Thelonious Monk's Recently Unearthed 'Palo Alto' Is a Stellar Posthumous Live Set
It’s a story that almost seems like a publicist dreamt it up, but it really happened. In the fall of 1968, a 16-year-old jazz fanatic and high school student named Danny Scher had the audacious idea of inviting legendary jazz pianist Thelonious Monk to perform a show at his high school’s auditorium in Palo Alto, California. Somehow, the stars aligned, and Monk agreed to play the gig, accompanied by his then-steady touring band of Charles Rouse (tenor saxophone), Larry Gales (bass), and Ben Riley (drums). Adding to this already tantalizing story is that the school’s janitor recorded the performance and handed it to Scher after the show. It sat in his attic for decades before he approached Monk’s son, drummer T.S. Monk, about releasing the set posthumously (the elder Monk passed away in 1982 at the age of 64).
For what’s essentially a bootleg recording, the sound quality of the 47-minute set from 27 October 1968 is surprisingly strong. “That performance is one of the best live recordings I’ve ever heard by Thelonious,” says T.S. Monk, who founded the Thelonious Monk Institute. “I wasn’t even aware of my dad playing a high school gig, but he and the band were on it. When I first heard the tape, from the first measure, I knew my father was feeling really good.” He’s absolutely right. Monk was riding a critical wave by 1968 – his quartet was at a creative pinnacle, and Monk appeared on the cover of Time just four years prior. Despite financial burdens and health difficulties, Monk sounded as fresh and inspired as ever while performing in front of the young Bay Area crowd.
The setlist is a somewhat unsurprising one for anyone familiar with Monk’s repertoire, but that makes the music no less thrilling. Opening with his own “Ruby Dear”, Monk and the band dazzle from the very start, with Rouse and Monk each taking breathtaking solos as Gales and Riley provide typically expert accompaniment. Other Monk compositions are sprinkled throughout the set, including two which take advantage of their lengthy run times to allow all four members to take solos: the lively “Well You Needn’t” (in which Riley’s solo, in particular, is full of bold, jaw-dropping energy) and the playful “Blue Monk”. On “Epistrophy”, Monk and the band seem particularly inspired as the chemistry of the foursome – already a well-known force in jazz music at the time – is positively ablaze with energy. They may be playing a small suburban high school auditorium. Still, for all the white-knuckle intensity of the performance, it might as well have been Carnegie Hall or a high-profile international jazz festival.

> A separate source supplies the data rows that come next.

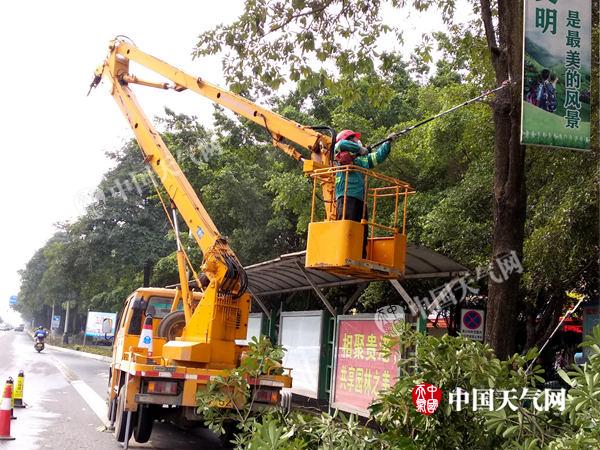贵港冬日暖阳 绿化树木修剪忙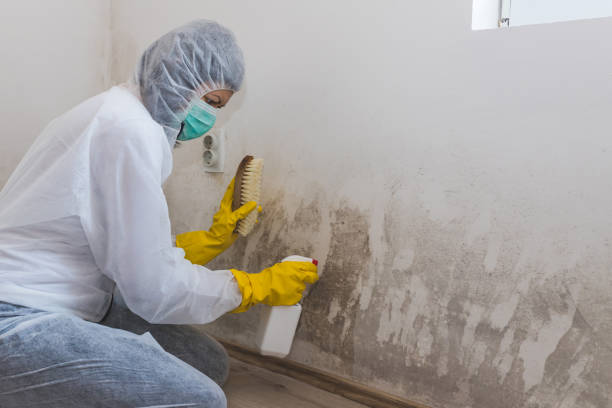 Best Black Mold Removal  in Dallas Center, IA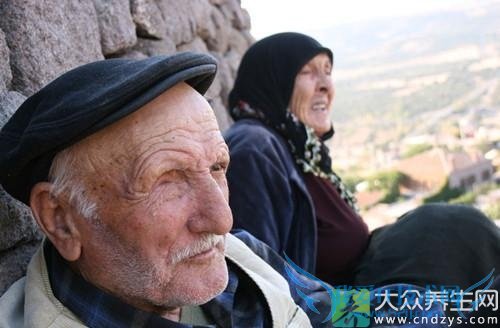 ���������ʳ�Ʒ�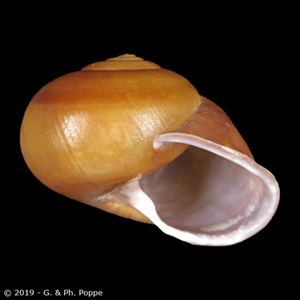 Shell Encyclopedia - Conchological MegaDatabase Iconographic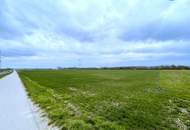Rarität! Landwirtschaftliches Grundstück in Ebergassing – ca. 40.000 m² Ackerfläche mit enormen Wertsteigerungspotential zu verkaufen!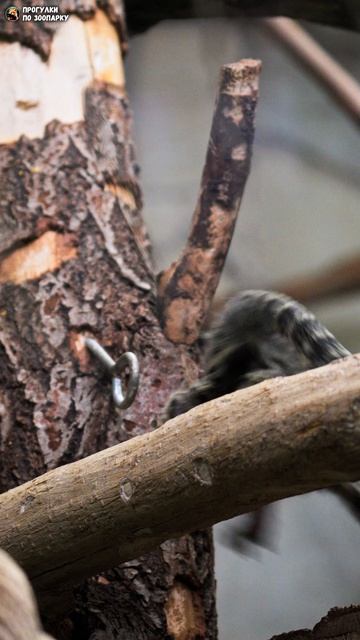 Неуловимый детёныш игрунки. Ленинградский зоопарк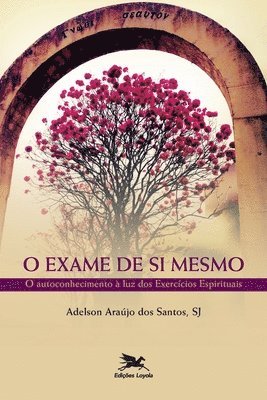 Adelson Araújo Dos Santos, Adelson Araújo dos Santos - Exame de si mesmo (O) - O autoconhecimento à luz dos exercícios espirituais, Häftad
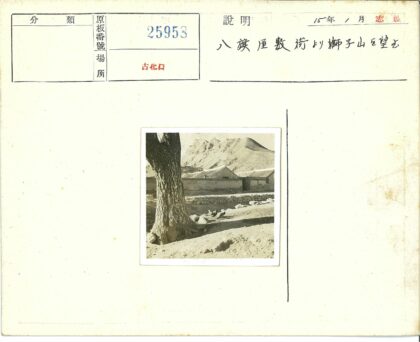 大树院落鸡群石墙远山建筑.jpg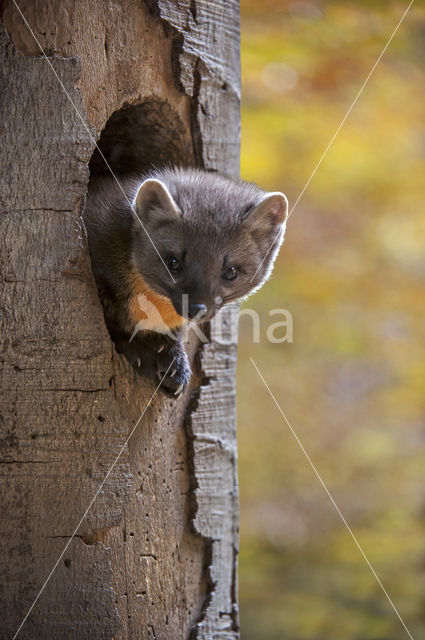 Pine Marten (Martes martes)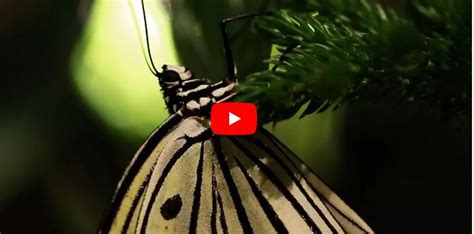 Butterfly conservatory | Butterfly, Tropical plants, Holiday decor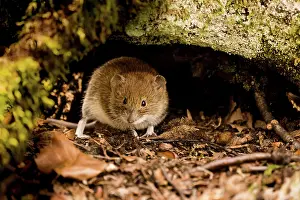 Vole: Bank vole (Myodes glareolus) looking out from under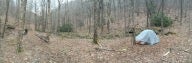 Camper submitted image from Bartram Trail Backcountry - 1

The set is rounded out by a couple of covers, performed solo by Monk. His interpretation of Jimmy McHugh’s “Don’t Blame Me” is equal parts tender, technically dazzling, and full of the playful atonality that made Monk so famous and beloved. For an encore, Monk once again steps out on his own with a brief but enormously elegant reading of Rudy Vallee’s “I Love You Sweetheart of All My Dreams”. After a well-deserved standing ovation, Monk tells the crowd, “We have to hurry back to get to work, you dig?” before heading out to that evening’s concert in nearby San Francisco.
Monk’s appearance at the Palo Alto high school came during a year filled with racial strife, assassinations, and the Vietnam War’s ongoing tumult. The concert – attended by Palo Alto residents and the mostly African-American East Palo Alto – could be seen as a brief reprieve from the madness, at least for this tiny pocket of America. Thanks to a resourceful janitor and an idealistic teenager – who unsurprisingly grew up to be a successful promoter, working alongside the legendary Bill Graham – that reprieve is now available for 21st-century jazz fans to discover with joy and wonder, as it sits comfortably amongst Monk’s finest recorded works.